▶ [THE INPUT]:

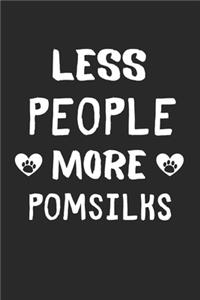 Less People More PomSilks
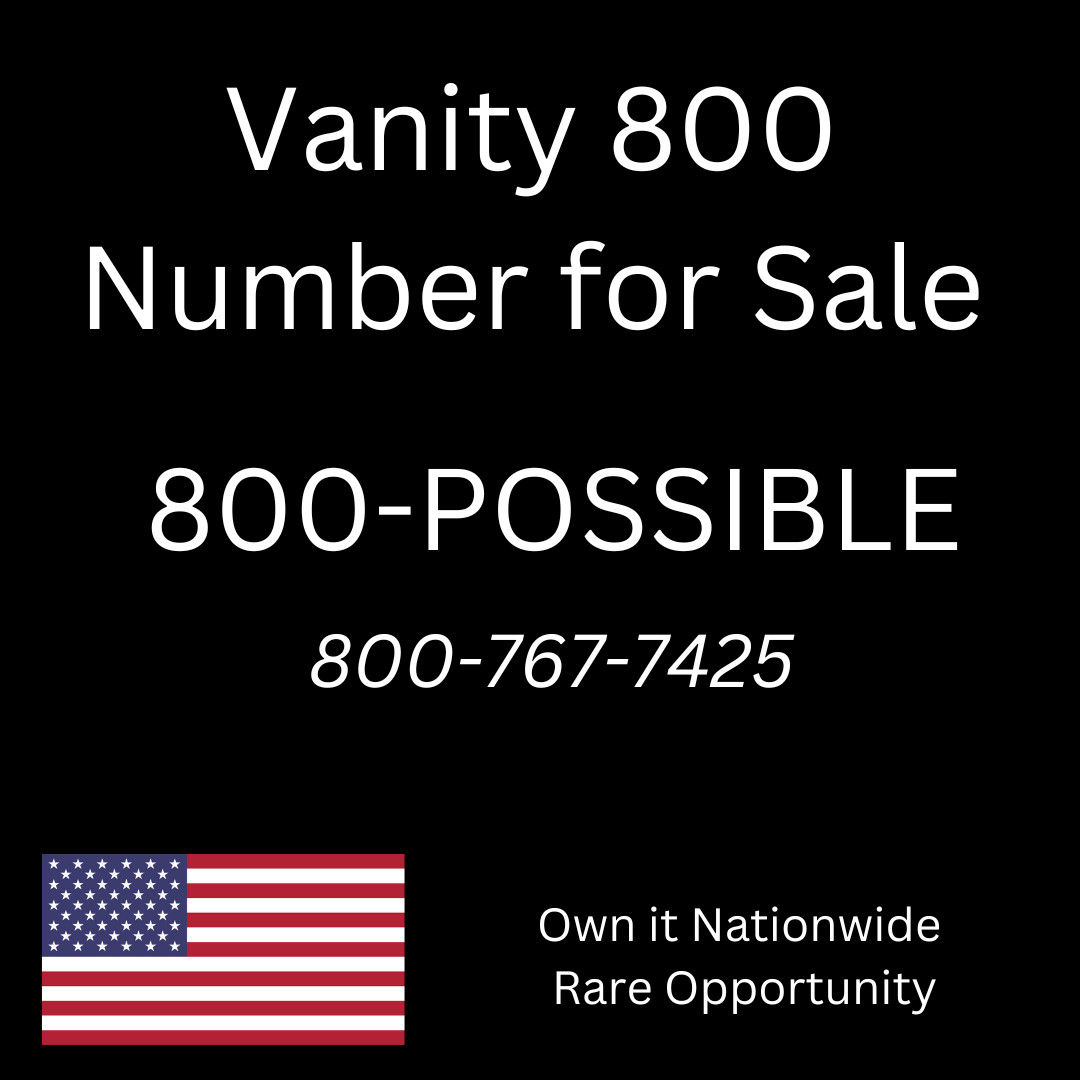 RARE – Toll Free Phone 800 Number 800-Possible – Don’t Miss This
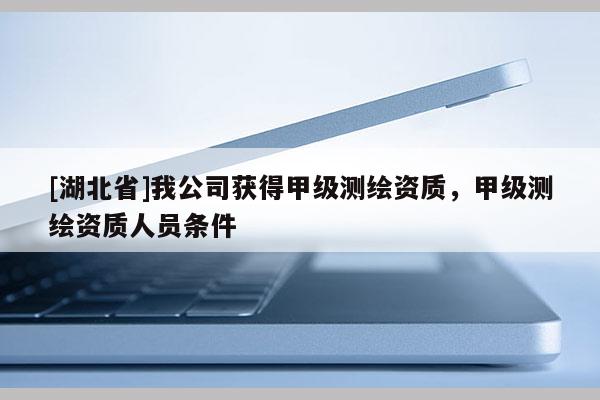 [湖北省]我公司获得甲级测绘资质，甲级测绘资质人员条件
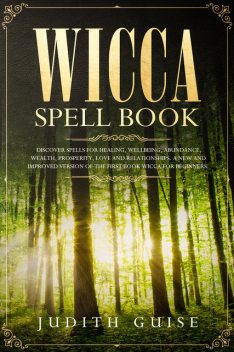 Wicca Spell Book, Judith Guise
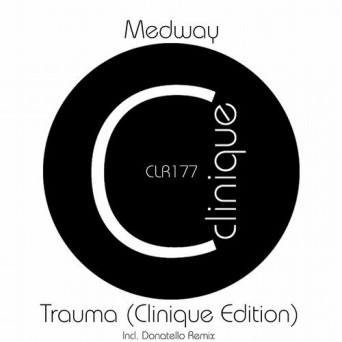 Medway – Trauma (Clinique Edition)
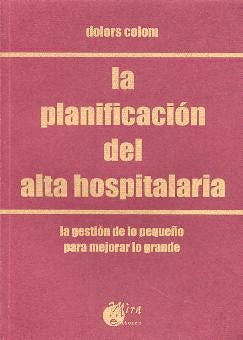 Portada del libro 9788484650416 La Planificacion del Alta Hospitalaria
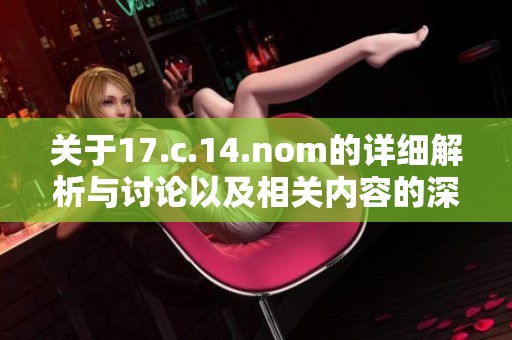 关于17.c.14.nom的详细解析与讨论以及相关内容的深入探讨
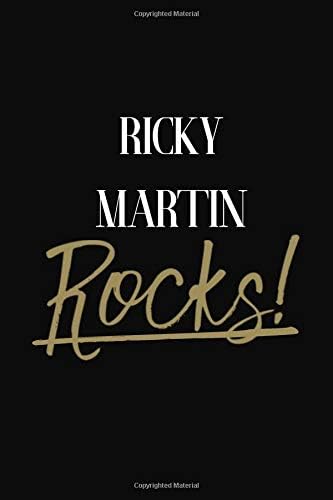 Ricky Martin Rocks!: Ricky Martin DIARY JOURNAL NOTEBOOK Paperback – 19 Sep 2018
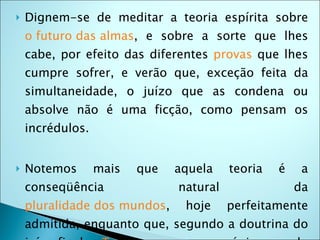    Dignem-se de meditar a teoria espírita sobre
    o futuro das almas, e sobre a sorte que lhes
    cabe, por efeito das diferentes provas que lhes
    cumpre sofrer, e verão que, exceção feita da
    simultaneidade, o juízo que as condena ou
    absolve não é uma ficção, como pensam os
    incrédulos.


   Notemos       mais   que   aquela    teoria   é    a
    conseqüência               natural                da
    pluralidade dos mundos,     hoje     perfeitamente
    admitida, enquanto que, segundo a doutrina do
 
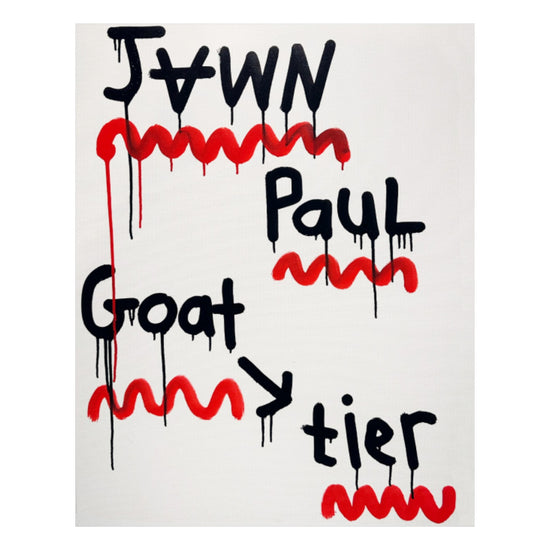 JAWN PAUL GOAT TIER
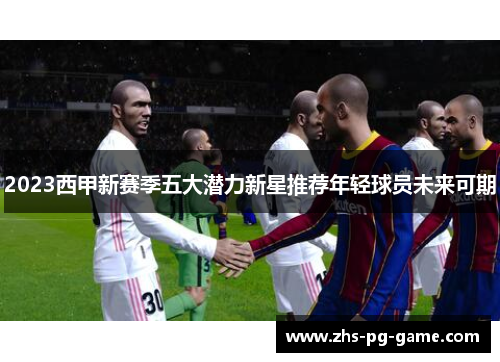 2023西甲新赛季五大潜力新星推荐年轻球员未来可期
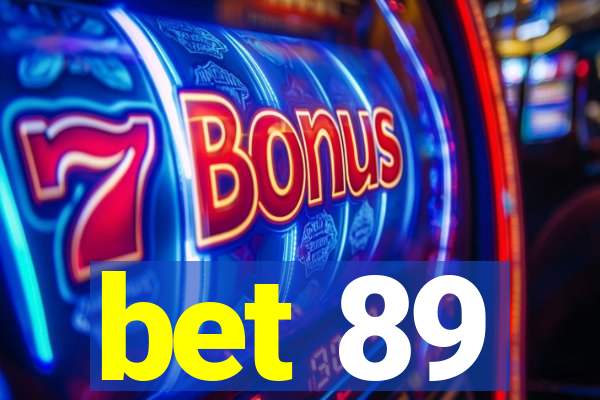 bet 89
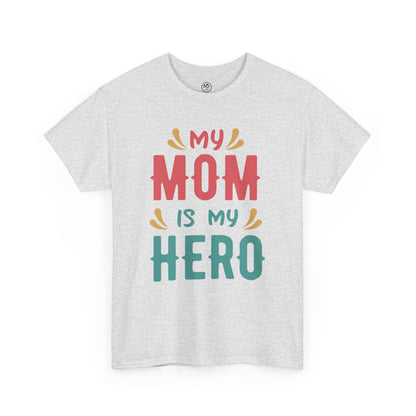 My Mom Is My Hero Tee – Mother’s Day Gift Shirt
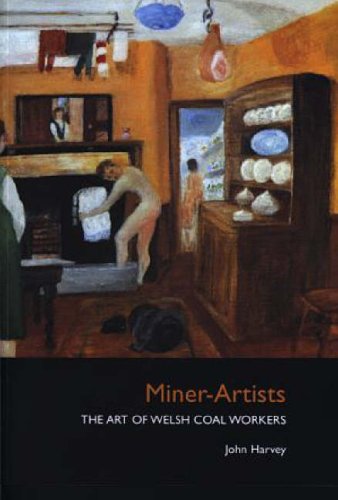 Miner-Artists: The Art of Welsh Coal Workers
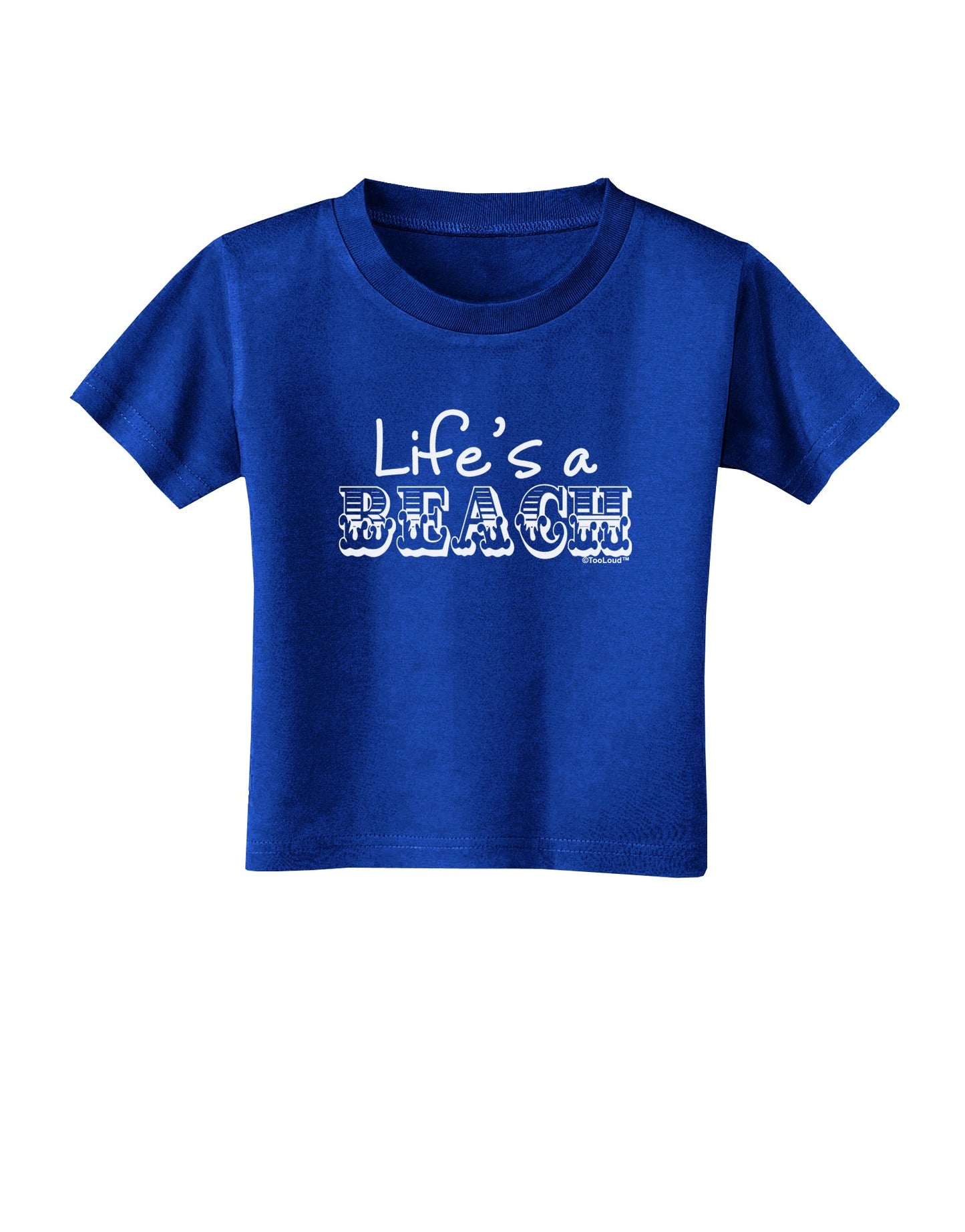 Lifes a Beach Toddler T-Shirt Dark by TooLoud-Toddler T-Shirt-TooLoud-Royal-Blue-2T-Davson Sales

▶ [TASK BRIEF]:
From the material above, please return each line containing "lhes".

▶ [COMPLETED EXERCISE]:
    o futuro das almas, e sobre a sorte que lhes
    cabe, por efeito das diferentes provas que lhes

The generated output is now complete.